Against the backdrop of potentially growing abuses by some PMCs, a text on legal obligations and good practices for states regarding the use and operations of PMCs emerged in 2014 with the Montreux Document.
This document is the result of a cooperative initiative between Switzerland and the International Committee of the Red Cross. It was developed with the participation of government experts from 17 states – Afghanistan, Angola, Australia, Austria, Canada, China, France, Germany, Iraq, Poland, Sierra Leone, South Africa, Sweden, Switzerland, Ukraine, United Kingdom and United States of America – in meetings held between 2006 and 2008. Representatives of civil society and private military and security companies were consulted.
The Montreux Document highlights the responsibilities of three types of states on which a PMC depends:
– Contracting States (countries that mandate SMPs);
– Territorial States (countries in which PMCs operate);
– Home States (countries in which PMCs are based).
While the responsibility for a breach of international law is the responsibility of the company, the Montreux document mainly aims to recall the responsibilities of these three types of States.

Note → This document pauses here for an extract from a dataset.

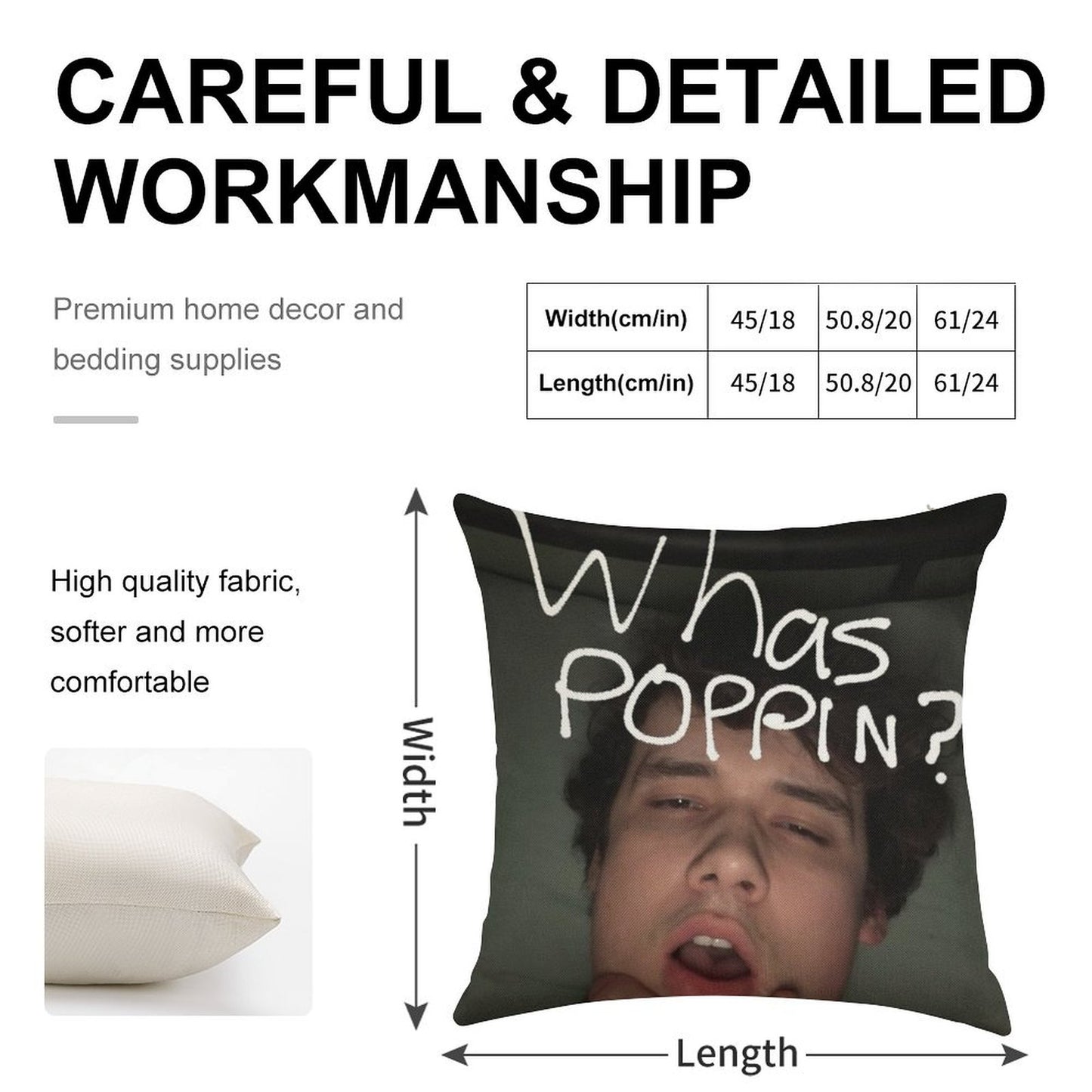 Wilbur Soot Linen Throw Pillow Cover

Indeed, violations of international humanitarian law, human rights law or other rules committed by a PMC are also attributable to the contracting state. Thus, contracting states are obliged to take necessary measures to investigate, prosecute and extradite members of a PMC who have committed war crimes such as torture, hostage-taking… The home states are responsible for the implementation of their human rights obligations. To this end, these States are required to take appropriate measures to prevent misconduct by PMCs and their personnel through legislation.
Non-governmental organizations and companies cannot formally adopt the Montreux Document, as it is the result of an initiative primarily aimed at recalling the responsibilities of states. However, they are encouraged to use it as a reference in their dealings with private military and security companies.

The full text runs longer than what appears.